Il relitto poggia su una secca parallela al litorale che i formidabili navigatori francesi, tra il 1700 e il 1800 avevano tracciato sulle loro carte nautiche, evidenziando così la pericolosità ai naviganti che si fossero trovati a solcare questo tratto di mare. Rischio d'incaglio, soprattutto in caso di bassa marea. In quelle carte, inoltre - lo hanno esaminato gli archeologi - furono indicati i anche i punti d'ancoraggio sicuri che si trovano ben più al largo, a quasi un miglio dal litorale.
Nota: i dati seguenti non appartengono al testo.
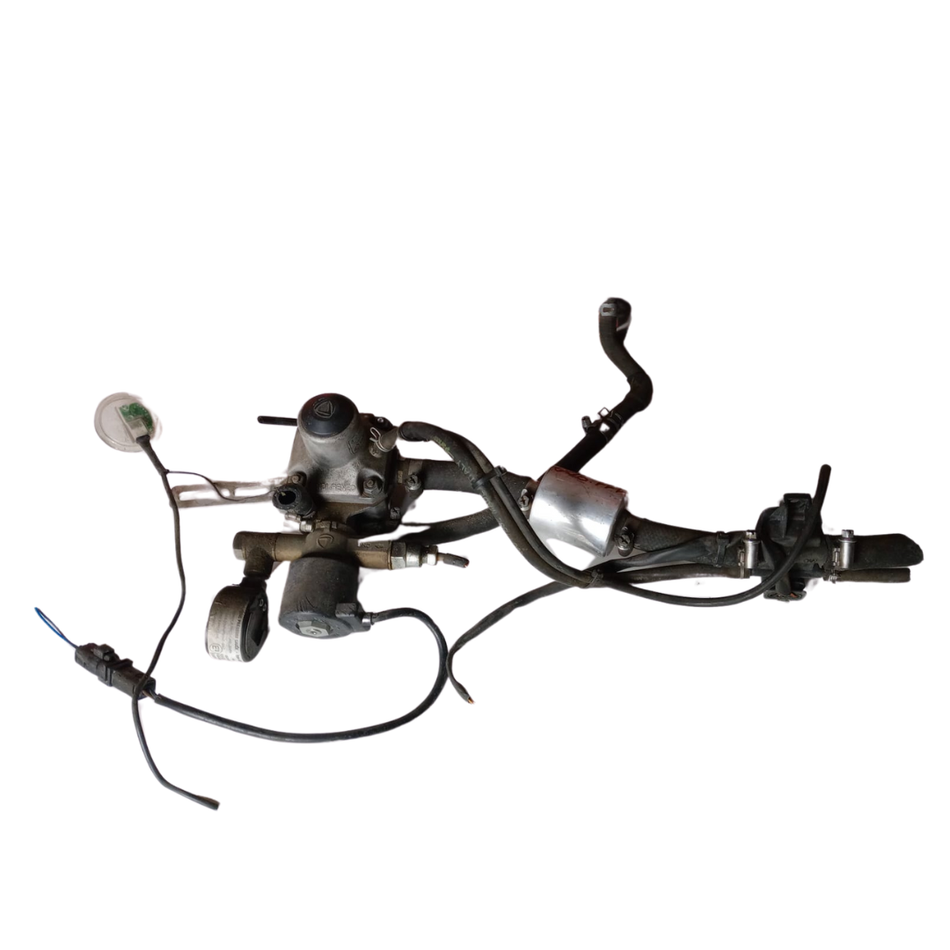 Polmone Gas Gpl SUZUKI Vitara Serie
Documenti sacri per i lupi di mare del Settecento e dell'Ottocento in cui i francesi avevano riportato anche le cosiddette "mire", i riferimenti a terra per ritrovare, in mare, i punti corretti per gettare l'ancora e restare sicuri alla fonda. Tra queste mire la chiesa di Sant'Eulalia da traguardare con la torre.

"I grandi velieri - aveva puntualizzato durante la campagna di scavo, Ignazio Sanna - si sistemavano alla fonda e chi decideva di scendere a terra lo faceva con imbarcazioni ben più piccole".
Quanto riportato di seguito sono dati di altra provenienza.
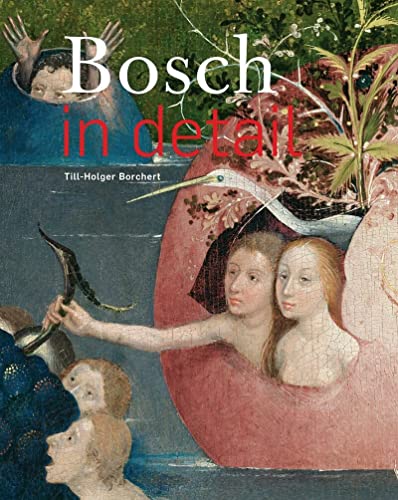 9789491819421: Bosch in detail (Dutch Edition)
Il lavoro d'indagine si è purtroppo fermato e le domande, almeno per ora, non potranno essere soddisfatte.

Restano le scoperte. Parziali quanto si vuole, ma sufficienti almeno a far decollare le ipotesi. Inglese, quasi certamente la nave, anche se l'ipotesi che si possa anche trattare di un bastimento olandese non è stata del tutto accantonata. Il dubbio era stato stimolato dal rinvenimento di una moneta d'argento, un dollar, precursore di quello poi coniato in America, utilizzato in Inghilterra ma anche in Olanda e Germania (chiamato, qui, tallero). Poi quella pipetta in terracotta tipica del nord Europa, di minuscole dimensioni, che le indagini fatte dagli archeologici hanno fatto risalire agli anni in cui il Seicento lasciava campo libero al 1700. Venivano utilizzate per assaporare il tabacco, importato dall'America ma non ancora diffuso nella società. Cento anni dopo quelle stesse pipe raddoppiarono di volume e divennero strumento di uso quotidiano.

Ci fu un altro elemento, trovato durante lo scavo, a confermare l'origine nordica della nave di Sant'Elia. Un "pezzo" di metallo, in ottimo stato di conservazione, appartenente ad un sestante, lo strumento con cui il comandante calcolava la posizione della nave con scarti minimi. Apparecchiatura presente nelle navi transoceaniche e non in quelle che solcavano le onde del Mediterraneo. Il resto di quello strumento è ancora lì, sott'acqua, sotto la sabbia che di nuovo ricopre il relitto per l'intera sua lunghezza di venticinque, trenta metri. Insieme al grosso carico di ardesia le cui lamine - lo avevano scoperto i subacquei della Soprintendenza durante le ultime immersioni - erano state sistemate nella stiva "a coltello" per evitare di muoversi durante la navigazione e in particolare quando il mare aveva cominciato a fare le bizze. Materiali estratti nel Galles ma anche nel nord della Spagna, al confine con il Portogallo. Ed è forse proprio qui che la nave inglese caricò a bordo l'ardesia durante la sua rotta verso Gibilterra e il Mediterraneo, come hanno fatto pensare gli esami al microscopio di alcune lamime riportate in superficie dai sommozzatori archeologi.

La storia di questo relitto è ancora tutta da scrivere. Dopo essere affiorata brevemente grazie a due interventi di ricerca e scavo, velocemente è tornata nel suo cimitero sommerso. E non solo per mancanza di fondi quanto per un disinteresse che sembra affliggere, in Sardegna, l'archeologia subacquea.